Penélope estava na frente da casa quando viu sua amiga vindo com um sorriso. Érika acenou animada, mas Penélope nem se mexeu. Quando Érika chegou, Penélope abriu a porta com naturalidade, e claro, Érika nem desconfiou. Assim que estavam dentro da casa, com a porta fechada e trancada, Penélope empurrou a despreocupada Érika para o chão, e nesse momento deu um sorriso genuíno. Érika virou confusa, imaginando que foi uma brincadeira que deu errado, porém logo viu sua amiga com outros olhos. Penélope olhava para ela com uma pose de confiança nunca visto por Érika antes. Foi tão notável que fez ela congelar no chão. Isso deu tempo suficiente para Penélope pegar as algemas que tinha e travar as mãos e depois amarrar os pés com uma parte do lenço vermelho que havia cortado no dia anterior.
“O que está fazendo, Penélope!?”
Penélope nem escutou. Estava no momento dela.
“Por favor, Penélope! Não tem graça! Está me assustando! Não tô entendendo nada!”
Penélope tirou um pedaço grande de silver tape e abafou os apelos da amiga.

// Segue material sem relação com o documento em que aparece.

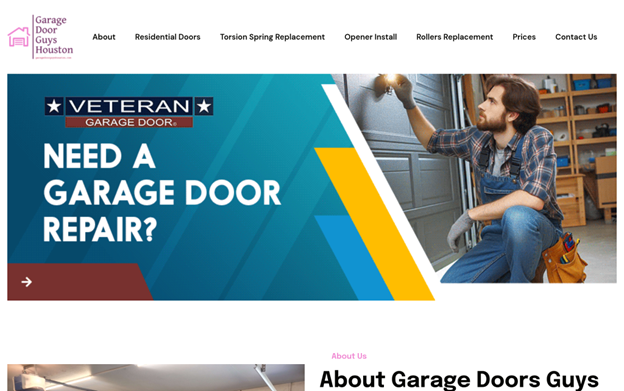 The Garage Door Guys (Houston)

Sua concentração foi avassaladora. Rapidamente, e sem pensar duas vezes, cortou o peito de Érika profundamente causando um grito opressivo. Seu corte foi de amadora e nada reto por causa dos movimentos bruscos de Érika, mas tentou imitar os cortes vistos no livro de empalhamento que lia tanto. Se sentiu perto de uma grande realização. Logo mais, Érika ficou quieta e totalmente imóvel. Penélope então, enfiava a palha velha em qualquer canto do corpo exposto. Ela não se preocupava mais com os livros ou os vídeos. Estava num estado de êxtase. Estava sentindo uma libertação. Pareceu que estava expondo sua felicidade para todo o mundo, como se tivesse uma plateia aplaudindo cada ato realizado. Com suas mãos sangrentas, pegava mais e mais palha, e enfiava mais e mais onde podia, focando especialmente no torso, quando de repente pausou. Respirou e olhou o cenário. Pegou a agulha e linha sem nenhuma tremedeira e começou a costurar o peito tendo que enfiar palhas soltas mais para o fundo do torso. Conseguiu fechar o torso somente pela metade quando pausou novamente e ingeriu tudo. Podia ver a palha suja e sangrenta saindo da barriga e isso a fez sorrir. Era como um troféu. Estava na hora de sua felicidade não ser mais um segredo. Sem terminar o processo, arrastou o corpo da Érika para fora da casa abandonada para expor seu trabalho ao público. O processo era considerado lindo por ela.